Assigned task: What you return must match the data below exactly, minus any pictures.

Data supplied:
******
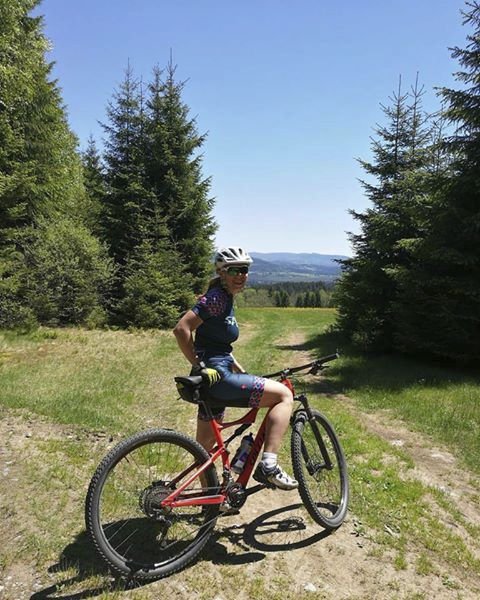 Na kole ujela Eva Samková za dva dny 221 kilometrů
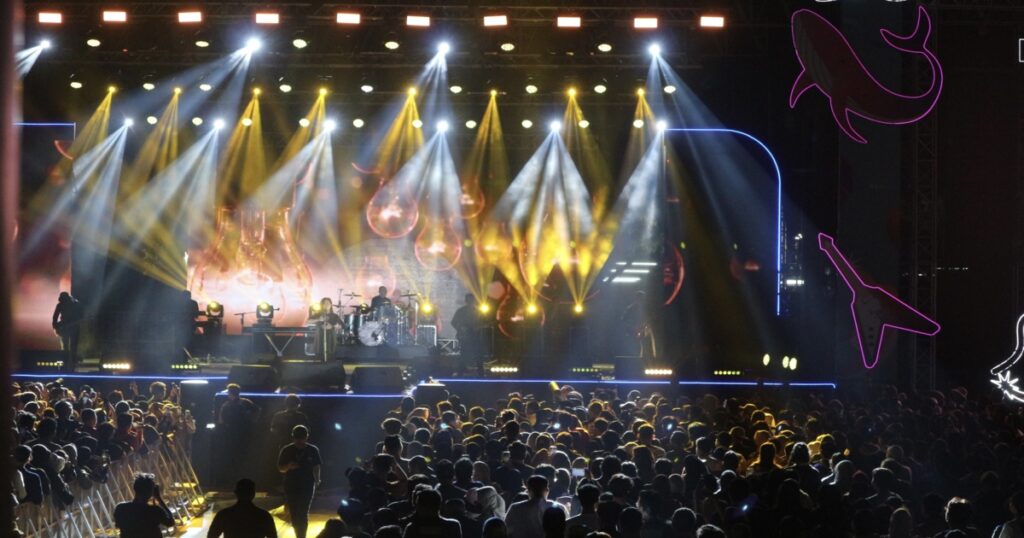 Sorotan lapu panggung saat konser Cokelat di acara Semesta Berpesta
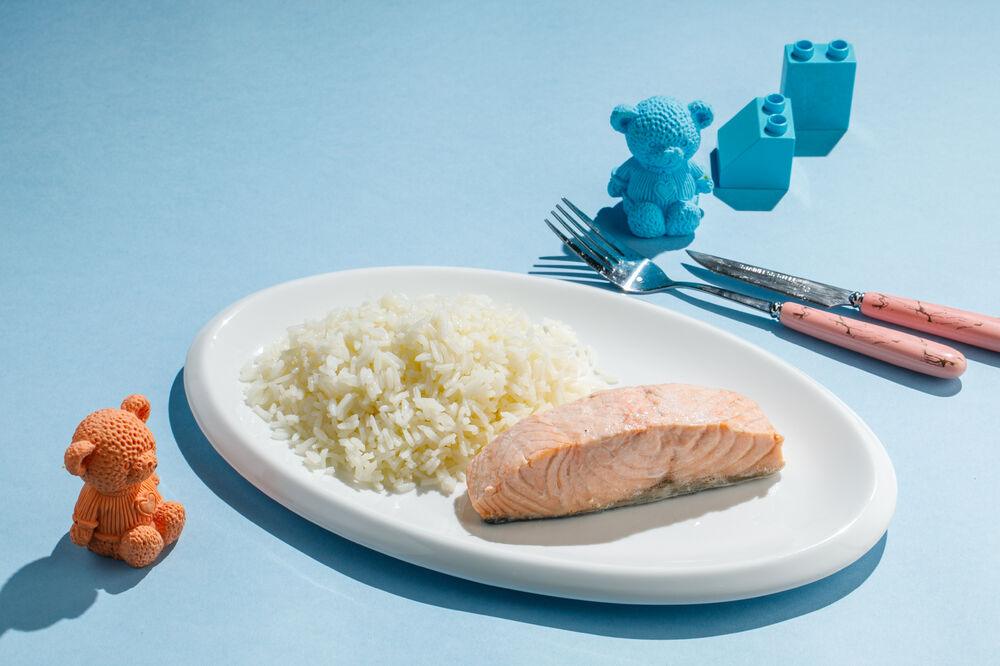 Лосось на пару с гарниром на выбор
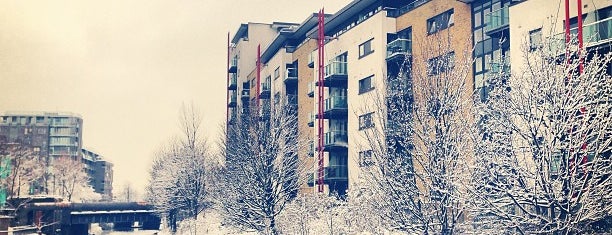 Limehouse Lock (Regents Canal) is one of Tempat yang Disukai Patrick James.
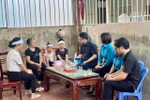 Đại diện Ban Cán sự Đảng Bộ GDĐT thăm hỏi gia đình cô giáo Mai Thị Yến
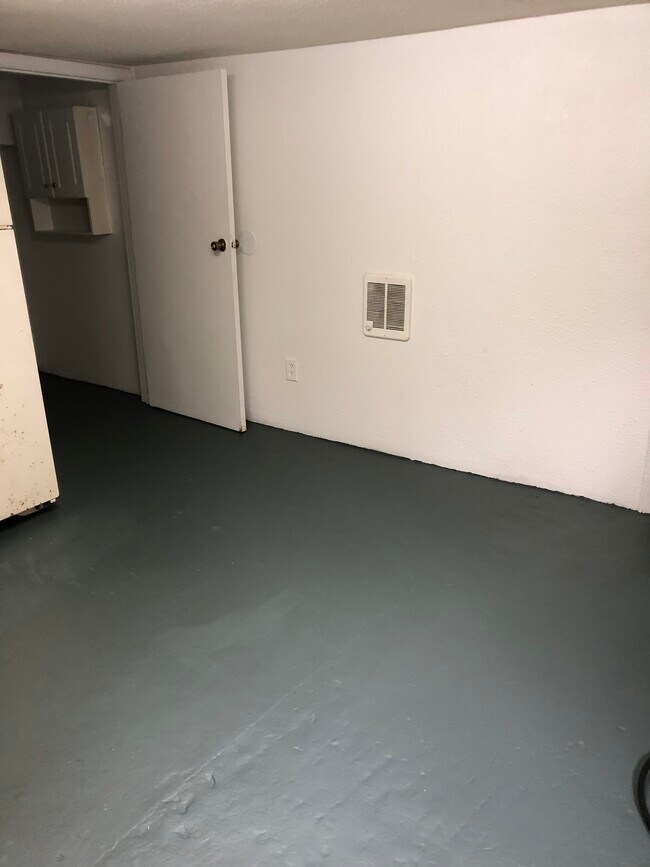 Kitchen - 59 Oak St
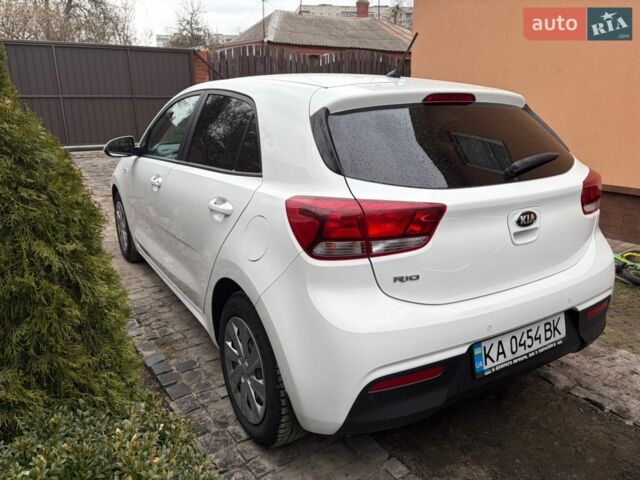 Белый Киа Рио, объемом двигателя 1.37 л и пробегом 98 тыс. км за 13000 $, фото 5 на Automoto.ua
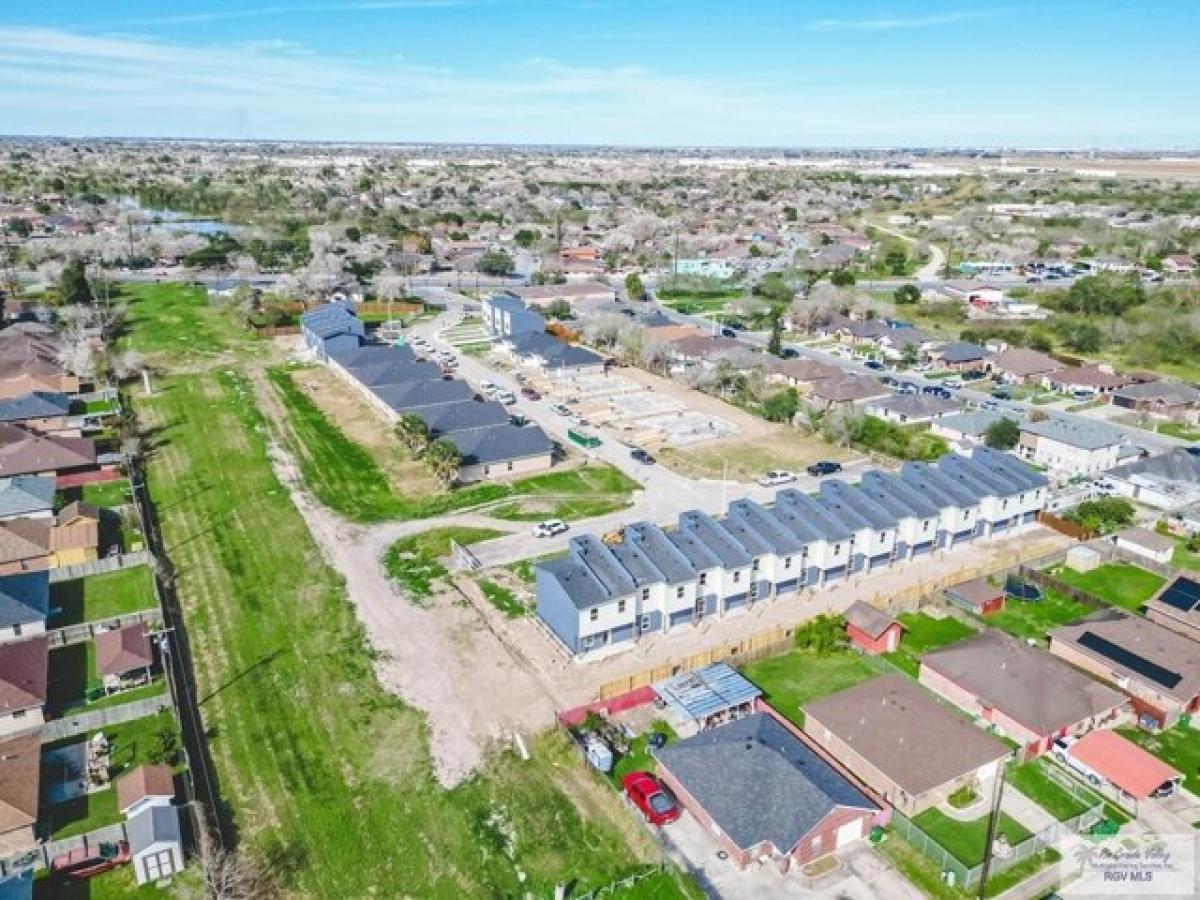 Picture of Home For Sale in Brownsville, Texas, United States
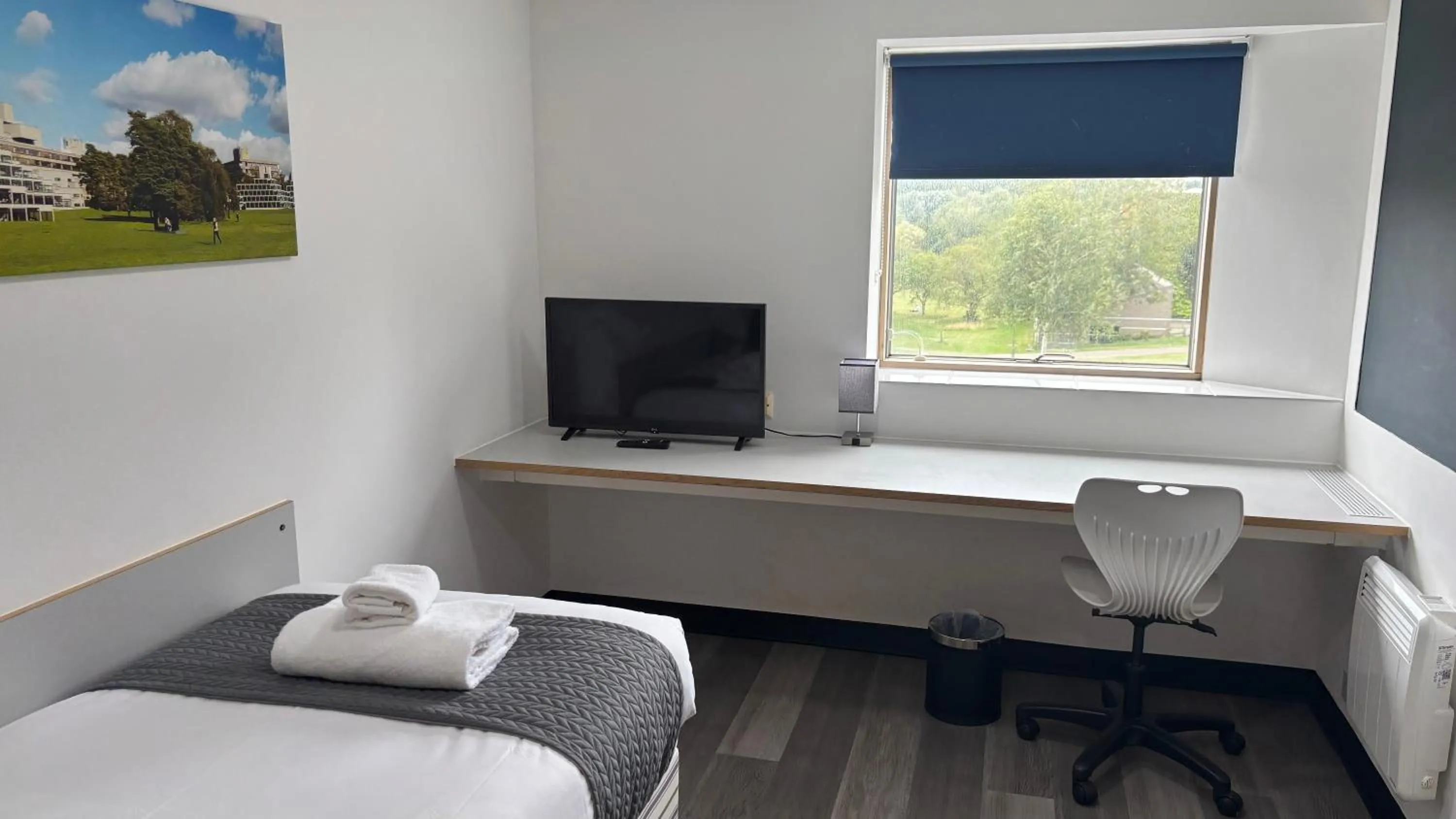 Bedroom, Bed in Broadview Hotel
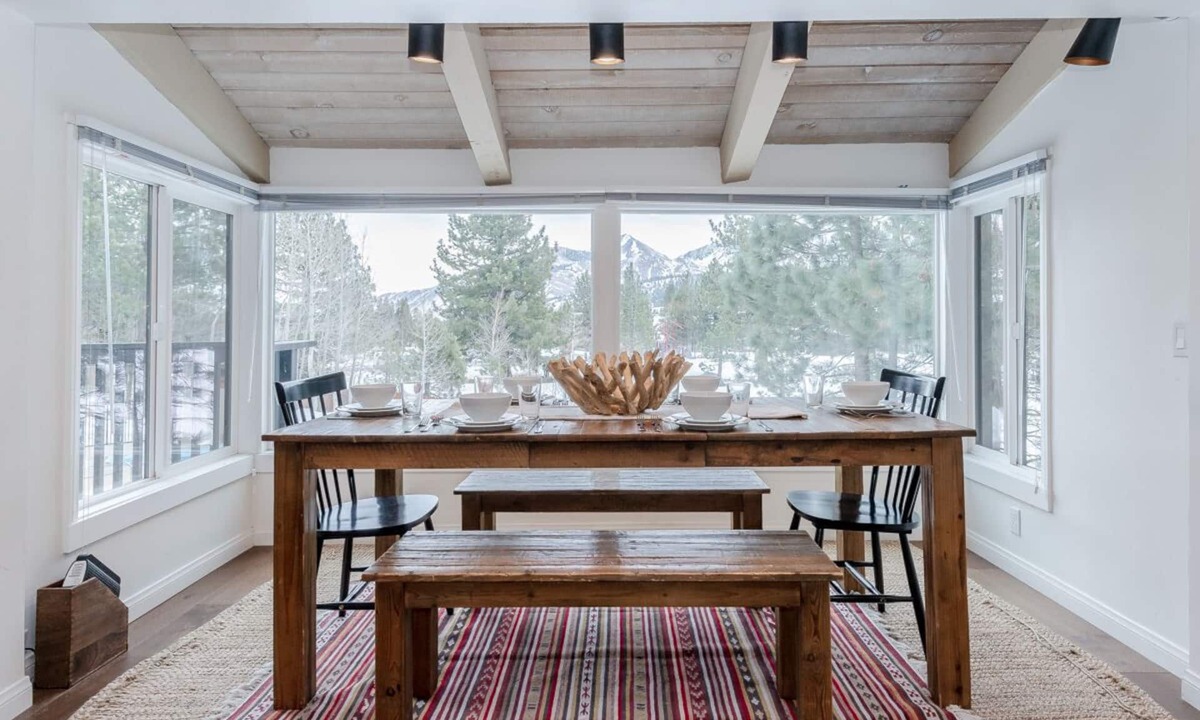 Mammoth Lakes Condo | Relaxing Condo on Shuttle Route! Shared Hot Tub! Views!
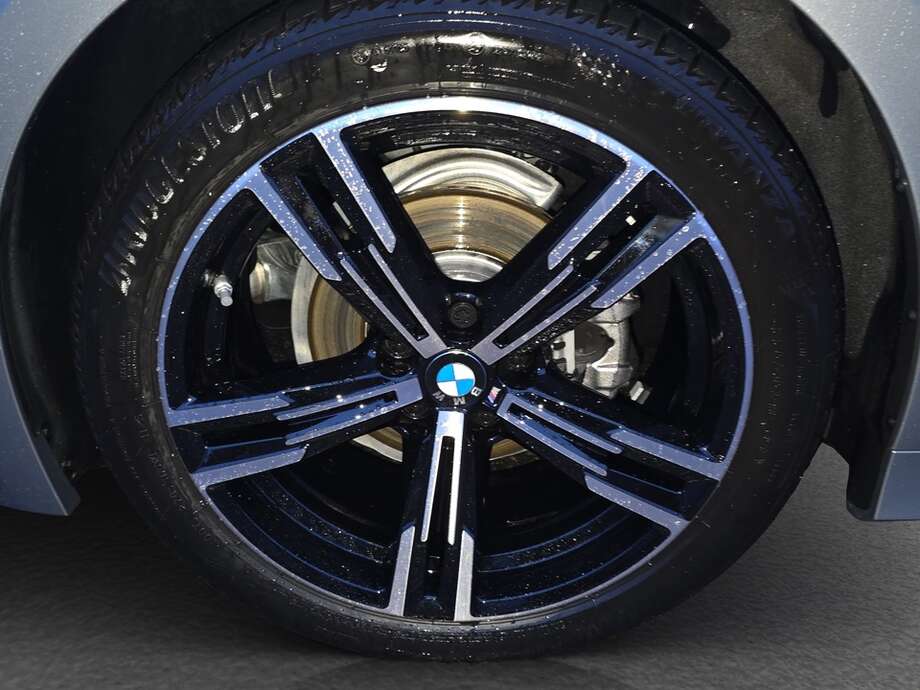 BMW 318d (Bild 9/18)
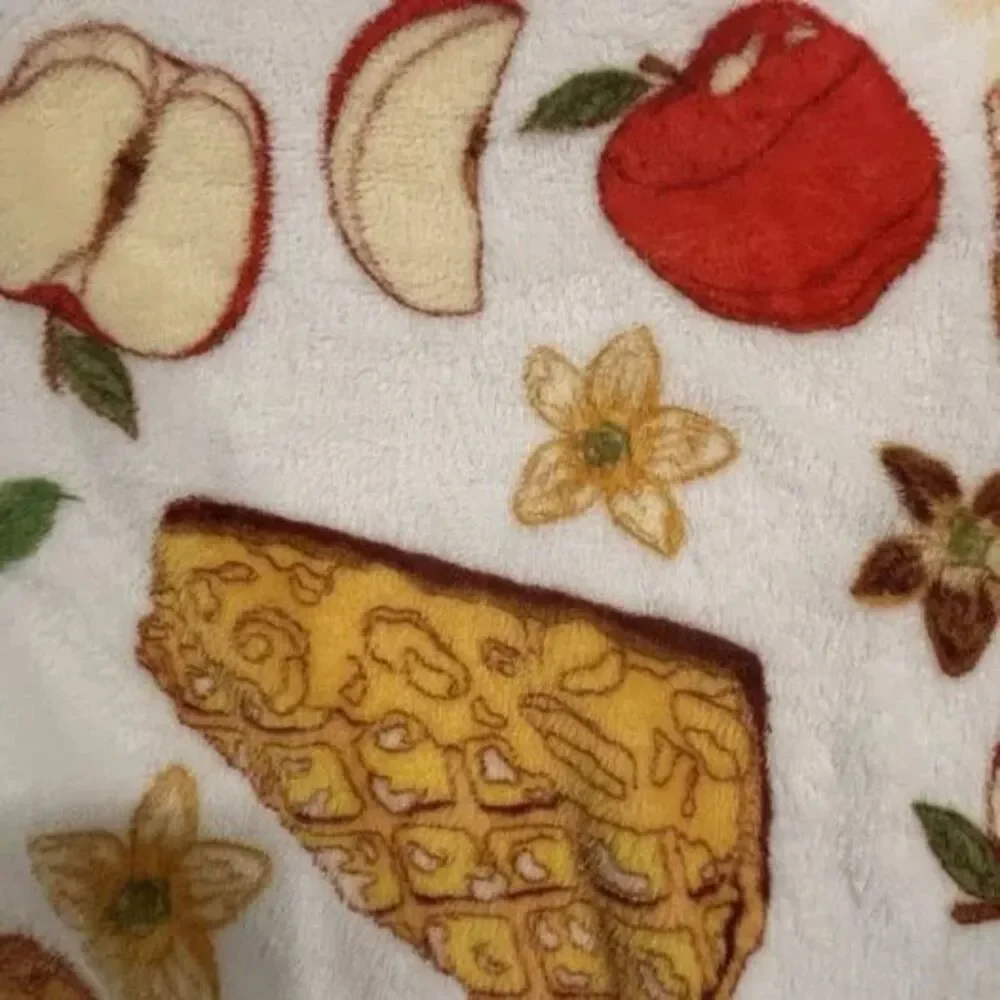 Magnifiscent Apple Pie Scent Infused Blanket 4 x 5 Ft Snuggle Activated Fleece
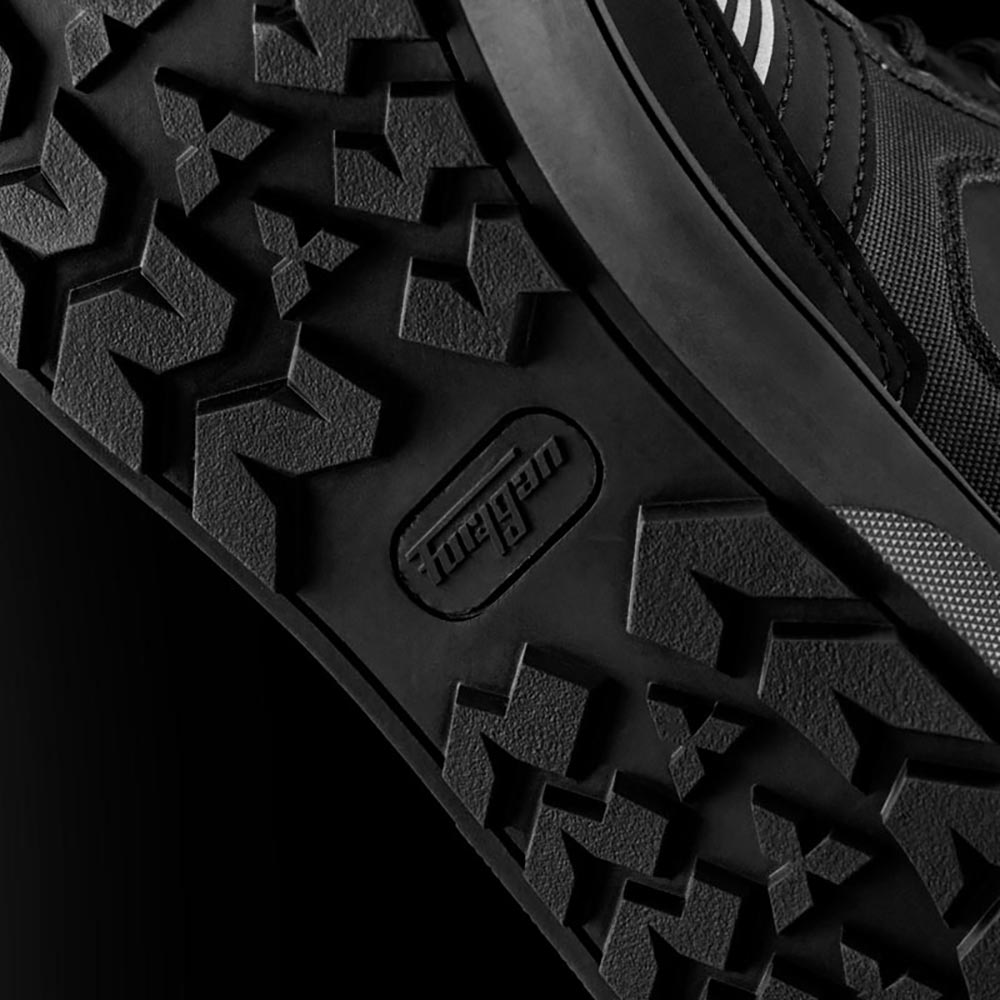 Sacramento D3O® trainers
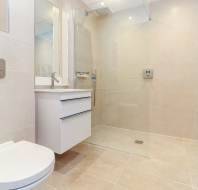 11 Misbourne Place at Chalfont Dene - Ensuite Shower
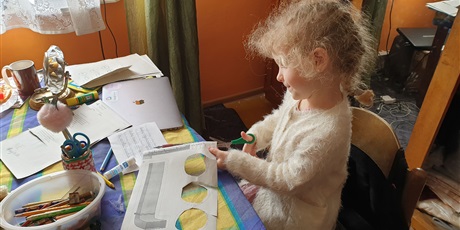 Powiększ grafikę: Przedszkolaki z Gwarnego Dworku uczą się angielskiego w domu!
******
Finished task:
 Na kole ujela Eva Samková za dva dny 221 kilometrů
 Sorotan lapu panggung saat konser Cokelat di acara Semesta Berpesta
 Лосось на пару с гарниром на выбор
 Limehouse Lock (Regents Canal) is one of Tempat yang Disukai Patrick James.
 Đại diện Ban Cán sự Đảng Bộ GDĐT thăm hỏi gia đình cô giáo Mai Thị Yến
 Kitchen - 59 Oak St
 Белый Киа Рио, объемом двигателя 1.37 л и пробегом 98 тыс. км за 13000 $, фото 5 на Automoto.ua
 Picture of Home For Sale in Brownsville, Texas, United States
 Bedroom, Bed in Broadview Hotel
 Mammoth Lakes Condo | Relaxing Condo on Shuttle Route! Shared Hot Tub! Views!
 BMW 318d (Bild 9/18)
 Magnifiscent Apple Pie Scent Infused Blanket 4 x 5 Ft Snuggle Activated Fleece
 Sacramento D3O® trainers
 11 Misbourne Place at Chalfont Dene - Ensuite Shower
 Powiększ grafikę: Przedszkolaki z Gwarnego Dworku uczą się angielskiego w domu!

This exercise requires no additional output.